RDF Reasoning¶

Remember that an RDF graph is composed of triples which state facts, such as:

In [1]:
data = """
@prefix rdf:  <http://www.w3.org/1999/02/22-rdf-syntax-ns#> .
@prefix rdfs: <http://www.w3.org/2000/01/rdf-schema#> .
@base <http://my.org/> .
@prefix : <#> .

:spot a :Dog ; :name "Spot" .
:rex a :Dog ; :name "Rex" .
:minka a :Cat ; :name "Minka" .

:Dog rdfs:subClassOf :Animal .
:Cat rdfs:subClassOf :Animal .
"""

We already saw a number of examples where logical deductions would make sense, as in this case:

  • from the fact that :spot is a :Dog, and
  • :Dog is a subclass of :Animal, there follows
  • :spot is an :Animal .

However, the expression 'there follows' is from our point of view as humans associating meaning with words.

The last statement is not in the graph, only the facts that we entered:

In [2]:
import rdflib

g = rdflib.Graph()

g.parse(data=data, format='turtle')
print('Triples:', len(g))
Triples: 8

So if we query the graph for a list of the names of our animals, we get nothing:

In [3]:
for row in g.query("SELECT ?a WHERE { ?s a :Animal . ?s :name ?a }"):
    print(row['a'])

We already know a trick that can help us in this particular situation:

In [4]:
q = """
SELECT ?a WHERE { 
  ?s a/rdfs:subClassOf* :Animal . 
  ?s :name ?a 
  }
"""

for row in g.query(q):
    print(row['a'])
Spot
Rex
Minka

We are manually doing the 'reasoning', in this case querying not only subjects that are in the :Animal class, but also in any subclass of :Animal.

How can we make the expression

?s a :Animal .

apply to all members of subclasses in our graph, without using the /* notation?

This is a simple example of reasoning: inferring additional facts from known ones.

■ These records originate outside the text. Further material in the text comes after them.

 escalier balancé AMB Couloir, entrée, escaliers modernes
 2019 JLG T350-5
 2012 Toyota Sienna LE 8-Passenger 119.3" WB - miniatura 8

There are many implementations for RDF reasoners that can deal with this sort of problems, and many other, but instead of using one of those like a black box, we want to know what is happening -- we write our own mini reasoner.

Implementing a Mini-Reasoner¶

For our toy graphs this is not such a daunting task. We already have the means to infer additional facts from existing ones: queries.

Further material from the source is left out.